(Stored items)
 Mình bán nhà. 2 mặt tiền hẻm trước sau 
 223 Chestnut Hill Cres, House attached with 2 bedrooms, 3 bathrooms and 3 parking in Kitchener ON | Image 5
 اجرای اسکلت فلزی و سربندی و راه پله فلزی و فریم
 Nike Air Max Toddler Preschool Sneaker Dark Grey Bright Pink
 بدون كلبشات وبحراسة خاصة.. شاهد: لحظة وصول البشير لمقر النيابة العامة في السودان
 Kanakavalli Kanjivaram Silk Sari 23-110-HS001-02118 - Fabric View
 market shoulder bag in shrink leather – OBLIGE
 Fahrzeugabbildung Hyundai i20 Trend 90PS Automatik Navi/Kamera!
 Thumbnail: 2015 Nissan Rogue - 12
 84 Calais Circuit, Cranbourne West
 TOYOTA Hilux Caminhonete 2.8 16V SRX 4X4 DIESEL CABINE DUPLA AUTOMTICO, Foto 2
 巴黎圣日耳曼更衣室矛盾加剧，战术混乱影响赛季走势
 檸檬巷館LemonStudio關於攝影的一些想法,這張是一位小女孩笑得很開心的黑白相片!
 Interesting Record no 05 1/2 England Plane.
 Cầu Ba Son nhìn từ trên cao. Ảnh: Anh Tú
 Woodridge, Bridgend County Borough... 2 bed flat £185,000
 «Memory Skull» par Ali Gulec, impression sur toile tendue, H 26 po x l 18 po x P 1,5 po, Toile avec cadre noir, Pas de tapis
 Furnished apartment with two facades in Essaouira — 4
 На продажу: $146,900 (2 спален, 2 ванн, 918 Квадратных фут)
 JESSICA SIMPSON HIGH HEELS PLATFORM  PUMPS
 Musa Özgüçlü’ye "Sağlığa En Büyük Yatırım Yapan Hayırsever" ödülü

#### Required action:
The lines to extract from the data above begin with the line containing "Fahrzeugabbildung Hyundai i20" and end with the line containing "Woodridge, Bridgend County". Extract them exactly, including both.

#### Task output:
 Fahrzeugabbildung Hyundai i20 Trend 90PS Automatik Navi/Kamera!
 Thumbnail: 2015 Nissan Rogue - 12
 84 Calais Circuit, Cranbourne West
 TOYOTA Hilux Caminhonete 2.8 16V SRX 4X4 DIESEL CABINE DUPLA AUTOMTICO, Foto 2
 巴黎圣日耳曼更衣室矛盾加剧，战术混乱影响赛季走势
 檸檬巷館LemonStudio關於攝影的一些想法,這張是一位小女孩笑得很開心的黑白相片!
 Interesting Record no 05 1/2 England Plane.
 Cầu Ba Son nhìn từ trên cao. Ảnh: Anh Tú
 Woodridge, Bridgend County Borough... 2 bed flat £185,000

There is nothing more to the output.